[Start of section]
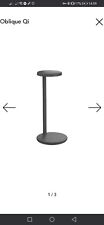 FLOS Oblique Qi Professional Table Lamp, Anthracite Matt, Model 09.8310.DR comprar usado  Enviando para Brazil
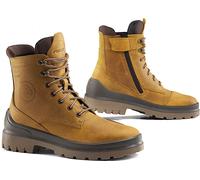 Falco Viky Bottes de moto pour femmes, Marron clair, Taille 39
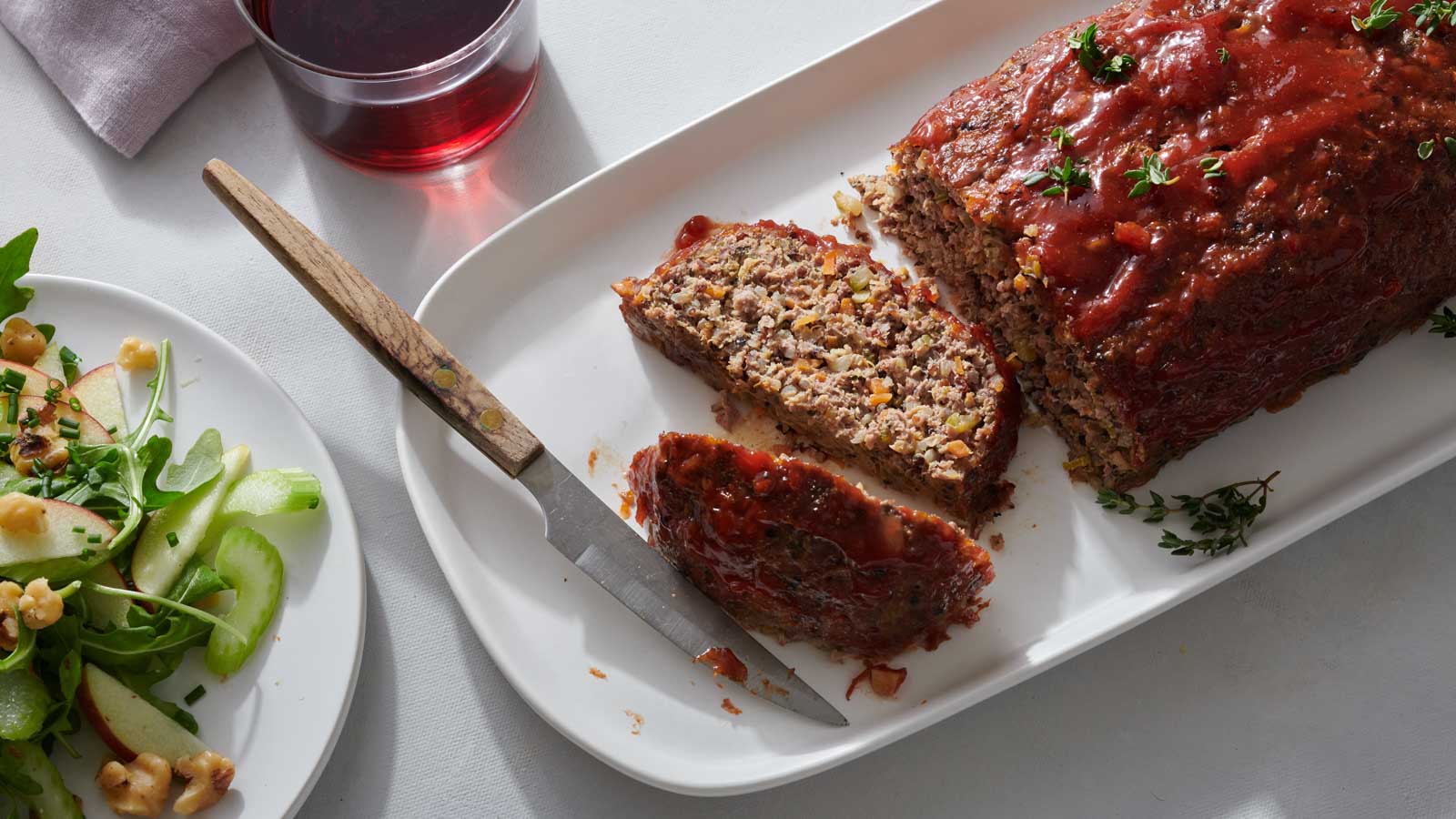 Quinoa Meatloaf
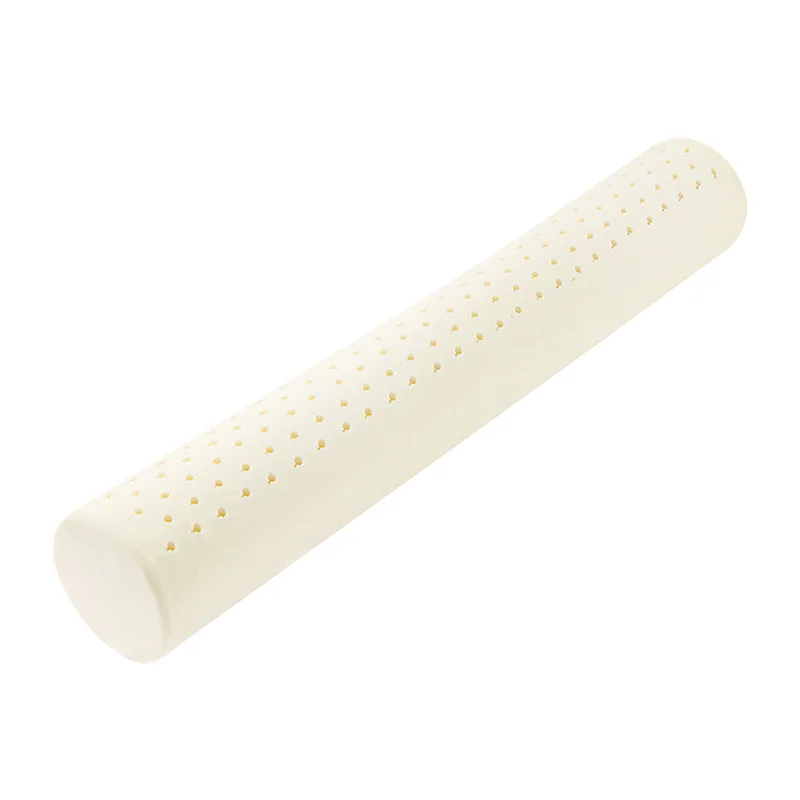 long strip Latex cylindrical pillow small round for neck protection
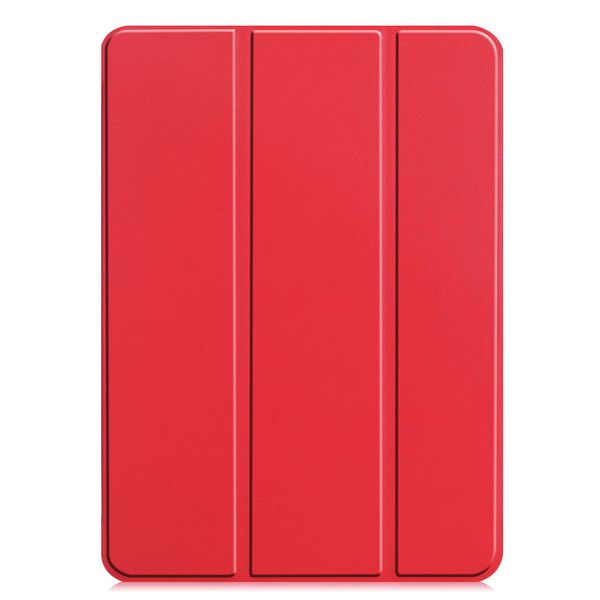 imoshion Coque tablette Trifold iPad Pro 11 (2018/2020/2021/2022) - Rouge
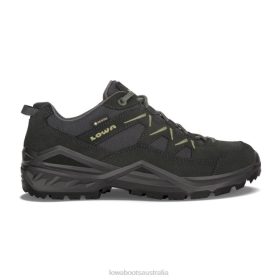Lowa Anthracite Sirkos Evo GTX O | 6H42104 Lowa Shoes Australia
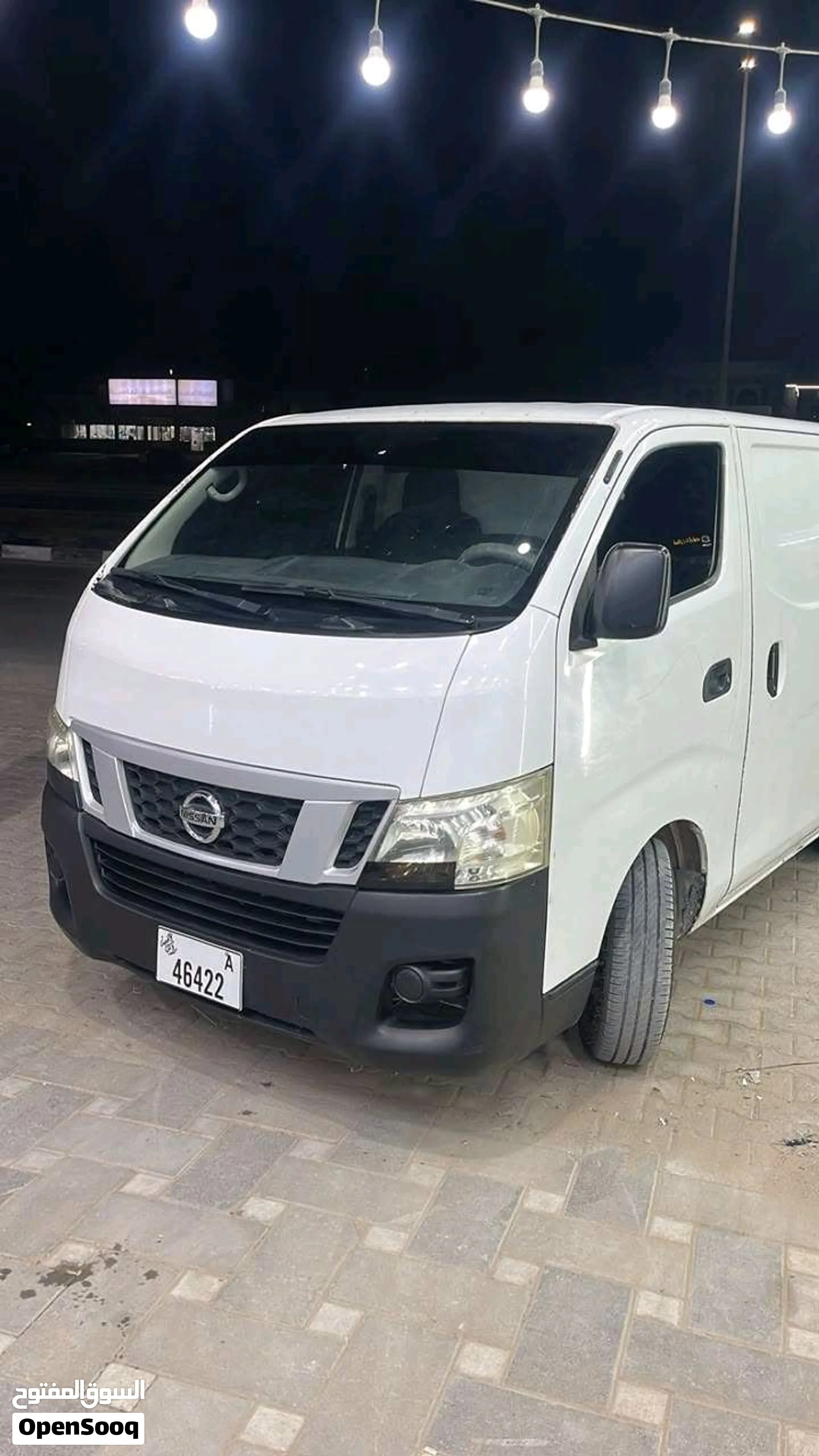 2016 Nissan Urvan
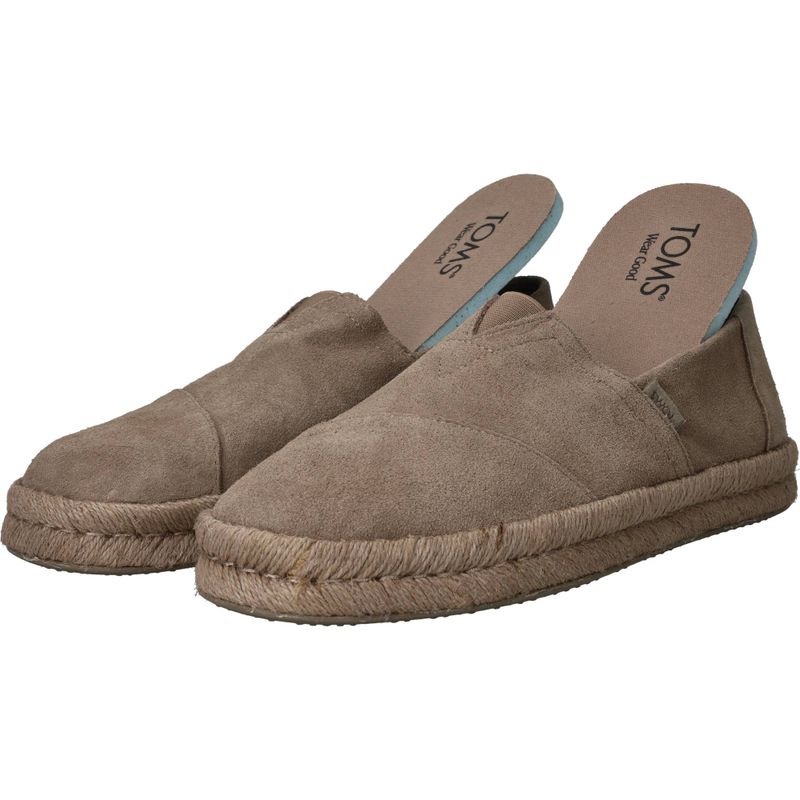 Toms Alpargata Rope 2.0 Espadrilles Beige Heren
[End of section]
WHAT THE EXERCISE ASKS -
Nothing but the lines from the first line of the data through the line with "long strip Latex" belongs in the answer, copied exactly and without pictures.

EXPECTED ANSWER -
 FLOS Oblique Qi Professional Table Lamp, Anthracite Matt, Model 09.8310.DR comprar usado  Enviando para Brazil
 Falco Viky Bottes de moto pour femmes, Marron clair, Taille 39
 Quinoa Meatloaf
 long strip Latex cylindrical pillow small round for neck protection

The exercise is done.